Pauketat's bold thinking should move Mississippi Valley prehistory
out from the shadows and onto archaeology's center stage, where it
belongs–alongside the world's other civilizations, Old and New.
Readers accustomed to wigwams,chiefs, and mound-builders are in for
a shock. Native history in North America was far grander, far more
interesting, than old textbooks allow. This book is really
interesting! Pauketat is taking American archaeology in exciting
new directions.
*Stephen H. Lekson, curator of archaeology, University of Colorado
Museum of Natural History*
A top flight synthesis of the development of complex societies in
Eastern North America, from a theoretical perspective refreshingly
different from the mainstream. A cross between Walter Taylor’s A
Study of Archeology and Kent Flannery’s The Early Mesoamerican
Village, Pauketat pulls no punches while humorously and incisively
summarizing current research and thinking on the subject in the
region and beyond, and in telling us how we can do better. Any
archaeologist interested in North American archaeology or in the
exploration of complex societies needs to read this book. Some of
you are going to love it; some, I suspect, are going to hate it.
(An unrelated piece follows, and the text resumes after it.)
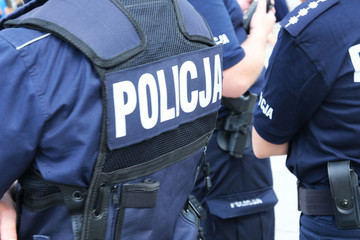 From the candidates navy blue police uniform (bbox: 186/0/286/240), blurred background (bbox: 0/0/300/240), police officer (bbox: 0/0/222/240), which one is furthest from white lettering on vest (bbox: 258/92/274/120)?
blurred background (bbox: 0/0/300/240)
But this volume provides, I believe, a good picture of how many
scholars are going to be thinking about these subjects in the years
to come.
*David G. Anderson, University of Tennessee; co-author (with
Kenneth E. Sassaman) of Recent Developments in Southeastern
Archaeology: From Colonization to Complexity*
In Chiefdoms and Other Archaeological Delusions, Timothy Pauketat
confronts his colleagues with the stereotypes that guide our
interpretations of past societies. Do our ethnographic models serve
archaeology well? Do they reflect the full range of societies in
the past, or are archaeologists imitatively forcing great variety
and creativity into a few shallow ideological niches? Are North
American archaeologists taught to systematically diminish the
accomplishments of Native North American societies? Wrapped around
a deceptively simple question—“What was Cahokia?”—Pauketat’s
sometimes colloquial, sometimes sharply incisive discussion
challenges us to review our biases, cast off social-evolutionary
shackles, and go boldly into a historically nuanced and broadly
comparative American past.
*Kit Wesler, Murray State University*
Chiefdoms and Other Archaeological Delusions is not your typical
book about Mississippian archaeology; there is more theorizing,
critique, and cross-cultural comparison. Then again Pauketat is not
your typical Mississippian archaeologist. Borrowing a page from
Flannery's Early Mesoamerican Village, Pauketat invents a cast of
colorful characters to critically evaluate the problems and
potential for the archaeology of complexity in the Southeastern
United States.
*Gregory Wilson, Muhlenberg College*
In this intriguing study of the prehistory of the eastern U.S. and
how it compares to that of the Southwest, Oaxaca, and the Near
East, Pauketat eschews the study of institutions and social
evolution for the study of people and their interactions: Instead
of looking to check off the attributes of institutions or
organizations—were there palaces, royal tombs, writing?—we look
instead for a series of relationships that played out historically.
How were central places built, central orders memorialized, and
producer autonomy sacrificed?" His is 'a backdoor approach to
building a historical theory of civilization,' considering
non-elite agency as well as activities of the elites. In all of the
areas Pauketat examines, he sees migrations and the dislocations
and opportunities they provide as critical in catapulting societies
toward urbanism. This volume will repay rereading and careful
study, and this reviewer intends to assign it in her North American
prehistory course in the spring. Highly recommended.
*CHOICE*
This book is a passionate polemic about several 'delusions'
Pauketat believes lead archaeologists into serious theoretical and
methodological errors. This is a very entertaining, creative, and
irritating book. It would enliven a seminar class on complexity,
archaeological theory, or North American archaeology.